The four load balancer types
Application Load Balancer (ALB) operates at Layer 7, meaning it understands HTTP and HTTPS. This lets it make routing decisions based on the content of the request: path-based routing sends /api/* to one target group and /static/* to another, host-based routing sends api.example.com and app.example.com to different backends. ALB also supports WebSocket connections and can authenticate users with Cognito or OIDC. ALB is the default choice for web applications.
Network Load Balancer (NLB) operates at Layer 4, handling TCP, UDP, and TLS traffic. It does not inspect the content of packets and routes based on protocol and port only. NLB handles millions of requests per second with ultra-low latency and preserves the source IP address of the client. Use NLB when you need extreme performance, static IP addresses per AZ, or need to handle non-HTTP protocols.
Gateway Load Balancer (GWLB) is a specialized type that routes traffic through third-party virtual appliances like firewalls, intrusion detection systems, and deep packet inspection tools. Traffic goes to GWLB, gets forwarded to the appliance fleet, comes back through GWLB, then continues to the destination. Gateway Load Balancer Endpoints connect VPCs to the appliance VPC. Classic Load Balancer is the original and legacy type that you should recognize by name but avoid in new designs.

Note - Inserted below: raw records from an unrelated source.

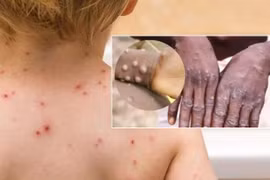 Bộ Y tế họp khẩn cùng WHO: Việt Nam chưa có ca bệnh đậu mùa khỉ nhưng nguy cơ rất lớn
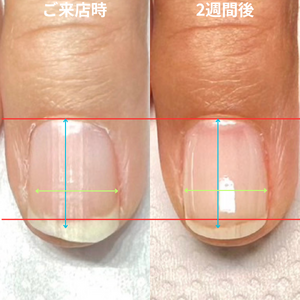 見出しを追加 - 3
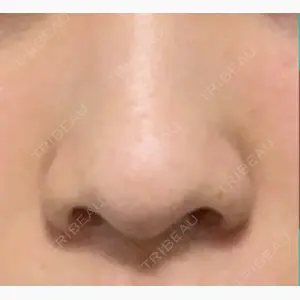 ヴェリテクリニック 銀座院口コミ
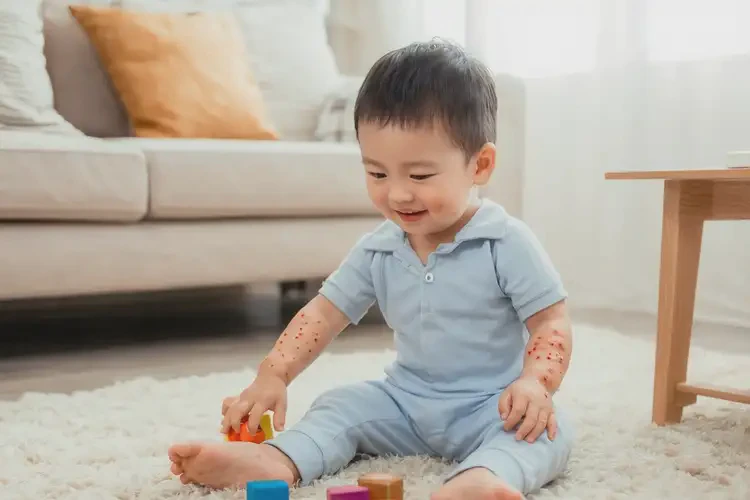 幼兒手臂有濕疹可以徹底自愈嗎(圖2)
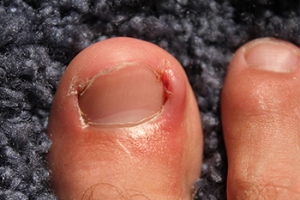 Cutting Ingrown Toenails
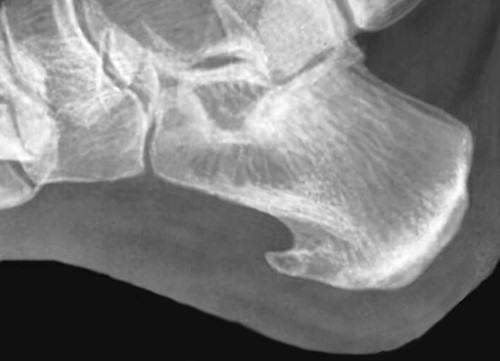 Чем можно лечить пяточную шпору дома? Чем можно лечить пяточную шпору дома?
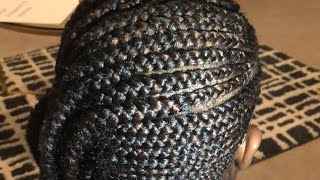 How To Relieve Pain From Tight Sew-Ins And Braids Live | Lemonade Braids
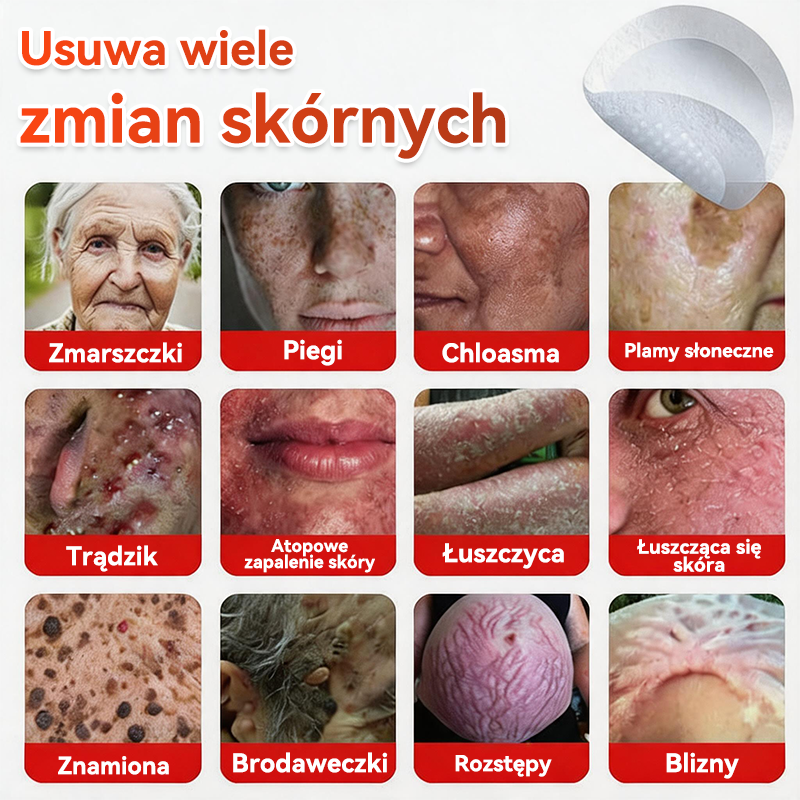 🎁 Zostało już tylko 5 opakowań! Teraz możesz otrzymać dodatkowe 50% ZNIŻKI!  Pomaga widocznie zmniejszyć włókniaki, brodawki i inne niedoskonałości skóry — szybko, wygodnie i bez bólu. 🌿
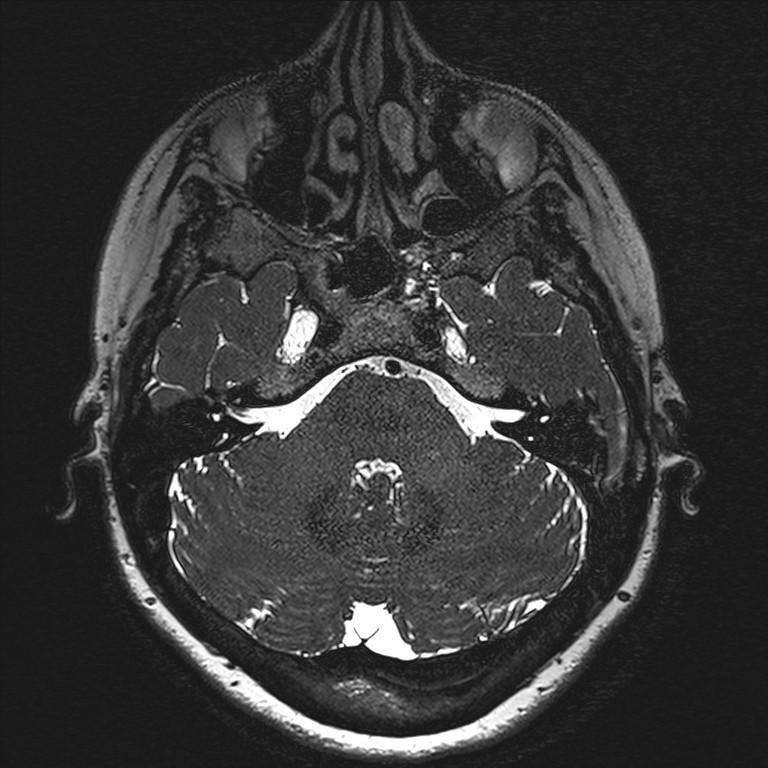 Anterior temporal encephalocele (Radiopaedia 82624-96808 Axial T2 high res 21).jpg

Auto Scaling Groups and scaling policies
An Auto Scaling Group (ASG) defines a fleet of EC2 instances: a minimum count, a maximum count, and a desired count. The group uses a launch template to know what kind of instance to create and how to configure it. Instances are spread across Availability Zones automatically. When an instance fails a health check, the ASG terminates it and launches a replacement without manual intervention.

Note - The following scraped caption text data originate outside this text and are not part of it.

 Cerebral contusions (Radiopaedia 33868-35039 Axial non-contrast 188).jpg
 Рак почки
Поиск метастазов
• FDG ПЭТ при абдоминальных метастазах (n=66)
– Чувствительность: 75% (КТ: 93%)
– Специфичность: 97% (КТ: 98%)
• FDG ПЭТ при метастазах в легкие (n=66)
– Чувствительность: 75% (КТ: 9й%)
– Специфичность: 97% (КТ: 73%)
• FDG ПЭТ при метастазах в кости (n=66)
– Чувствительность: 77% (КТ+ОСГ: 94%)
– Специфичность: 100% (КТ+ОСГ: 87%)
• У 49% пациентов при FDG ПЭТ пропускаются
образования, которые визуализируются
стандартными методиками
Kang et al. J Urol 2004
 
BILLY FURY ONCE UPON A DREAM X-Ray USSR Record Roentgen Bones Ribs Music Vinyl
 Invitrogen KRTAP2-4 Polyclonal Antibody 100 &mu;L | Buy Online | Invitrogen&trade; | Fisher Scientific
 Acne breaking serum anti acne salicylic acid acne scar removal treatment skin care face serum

Scaling policies define when and how the ASG adjusts capacity. Target tracking scaling is the simplest: you define a target metric value, such as average CPU utilization at 50%, and the ASG adds or removes instances to stay near that target. Step scaling adjusts capacity by different amounts depending on how far outside the target the metric has gone. Scheduled scaling adds instances before a known traffic event, like scaling up before a sale that starts at noon.
Predictive scaling uses machine learning to analyze historical traffic patterns and pre-scale before demand arrives. Instead of reacting after CPU spikes, it provisions instances before the spike based on past behavior. Cooldown periods prevent the ASG from adding or removing instances too rapidly in response to transient spikes. The termination policy controls which instance the ASG removes first when scaling in: the default terminates the oldest launch configuration, then the instance closest to the next billing hour.

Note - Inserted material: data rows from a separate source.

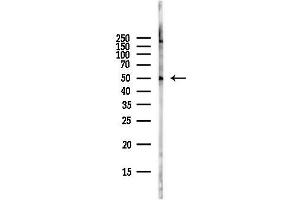 Western blot analysis of lysates from Hela cells(starvation,24h treatment), using MEF2C Antibody at 1/1000 dilution.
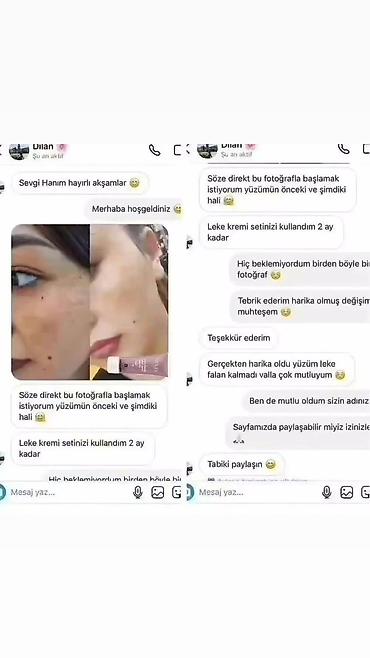 kosmetika qabı: Məhsul: Y-Peel Lightening Cream – ləkə qarşıtı və dəri tonu — 1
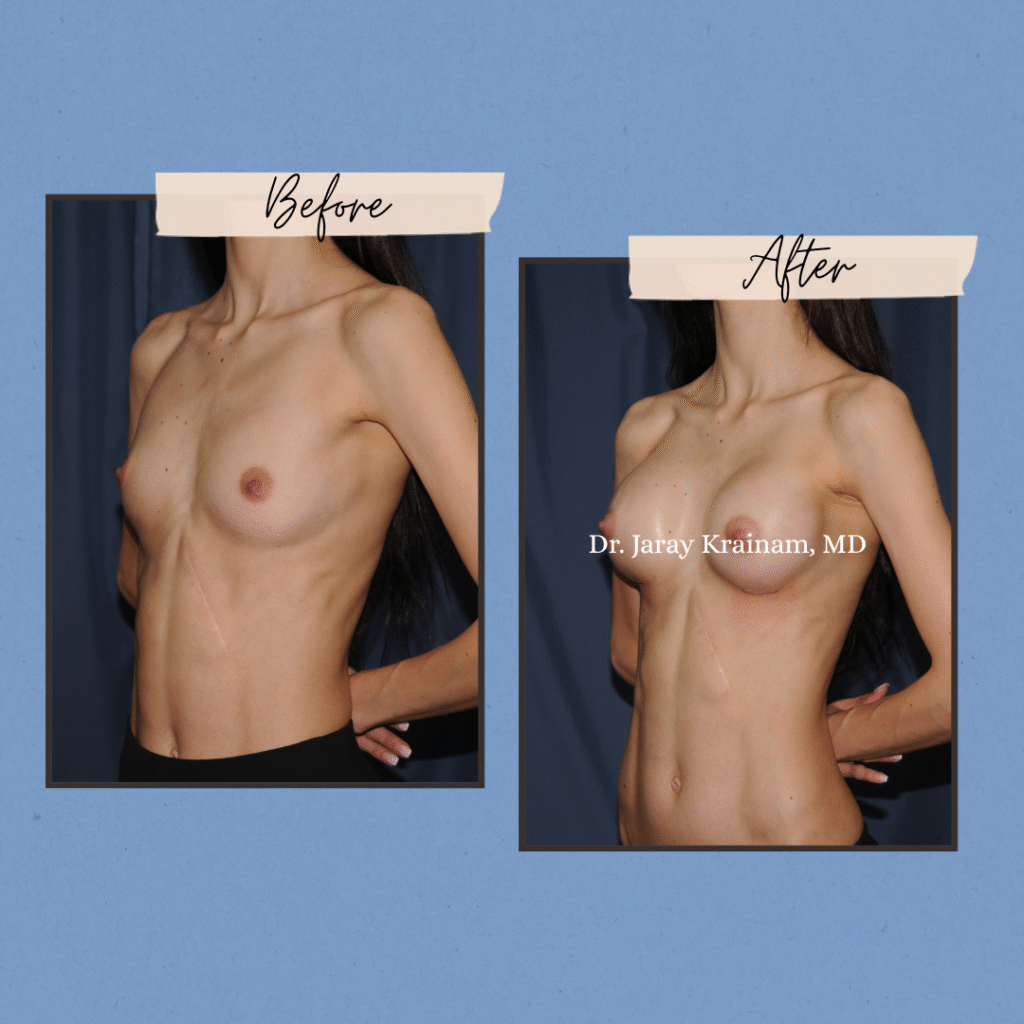 283 - Dr. Jaray Cosmetic Surgery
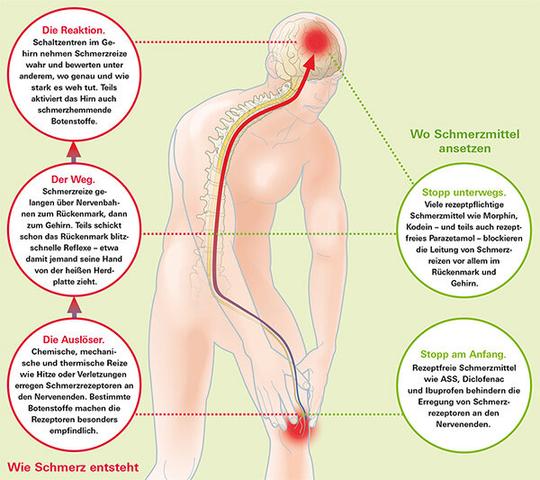 Das beste Schmerzmittel bei starken Schmerzen: Eine Analyse der effektivsten Optionen für akute Beschwerden Das beste Schmerzmittel bei starken Schmerzen: Eine Analyse der effektivsten Optionen für akute Beschwerden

How to choose the correct answer
ALB: HTTP/HTTPS, Layer 7, path-based and host-based routing, WebSocket, user authentication. Default for web apps.
NLB: TCP/UDP/TLS, Layer 4, ultra-low latency, static IPs per AZ, preserves source IP. Choose for high performance or non-HTTP workloads.
GWLB: routes traffic through third-party network appliances. Use for inline inspection with firewall or IDS fleets.
Target tracking: simplest scaling policy, maintain a target metric value automatically.
Step scaling: scale by different increments based on severity of the metric breach.
Scheduled scaling: scale for predictable events. Predictive scaling: scale based on ML forecast.
ALB target groups can be: EC2 instances, IP addresses, Lambda functions, or other ALBs.